Fleet Mortgages has cut buy-to-let mortgage rates by up to 15 basis points today, while Santander has given brokers warning that it is increasing rates by up to 9 basis points tomorrow.
In an update to advisers, Santander says that in its residential and buy-to-let new business range, most rates will rise, but it does not say by how much.
In its product transfer range, residential fixed rates will climb by up to 9 bps and buy-to-let fixed rates by up to 5 bps.
Meanwhile, Fleet Mortgages has lowered two and five-year fixed rates at 75% loan-to-value by 10-15 bps for both landlords borrowing in their own name and limited companies.
A two-year fixed with 3% fee for properties with an Energy Performance Certificate rating of A-C has come down from 3.89% to 3.79%.
Still within the 75% LTV tier, the equivalent product for properties with an EPC rating of D or below has dropped from 3.99% to 3.89%, with the same 3% fee.
The corresponding five-year fixed rates have also reduced by 10 bps to 4.54% for EPC A-C and 4.64% for D and below with the same fee.
Its fee-free five-year fixed has come down by 15bps to 5.19% and its £1,999 fixed fee option has come down by 10 bps to 4.99%, all at 75% LTV.
Fleet has withdrawn all existing 55% LTV products and a number of 65% LTV deals.

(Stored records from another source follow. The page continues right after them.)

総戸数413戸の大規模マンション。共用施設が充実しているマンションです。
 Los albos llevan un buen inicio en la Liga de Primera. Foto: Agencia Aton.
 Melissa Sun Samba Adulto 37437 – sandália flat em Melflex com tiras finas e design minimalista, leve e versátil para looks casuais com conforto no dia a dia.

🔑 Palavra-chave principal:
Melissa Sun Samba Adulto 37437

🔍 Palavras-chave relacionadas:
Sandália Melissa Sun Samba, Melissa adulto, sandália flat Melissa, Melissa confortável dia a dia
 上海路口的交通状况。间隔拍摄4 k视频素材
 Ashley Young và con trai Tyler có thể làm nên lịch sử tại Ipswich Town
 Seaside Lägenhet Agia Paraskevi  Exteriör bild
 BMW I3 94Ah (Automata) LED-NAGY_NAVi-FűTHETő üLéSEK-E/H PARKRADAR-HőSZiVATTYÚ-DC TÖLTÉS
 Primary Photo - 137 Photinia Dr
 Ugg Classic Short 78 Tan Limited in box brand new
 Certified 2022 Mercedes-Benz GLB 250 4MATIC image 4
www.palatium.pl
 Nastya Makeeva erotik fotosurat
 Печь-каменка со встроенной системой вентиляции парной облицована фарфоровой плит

Fleet Mortgages chief commercial officer Steve Cox says: “These changes highlight Fleet’s ongoing commitment to providing highly competitive pricing across the most in-demand parts of the buy-to-let market for landlord borrowers.”
The reductions from Fleet come as Moneyfacts yesterday revealed that buy-to-let mortgage rates are at their lowest level since September 2022.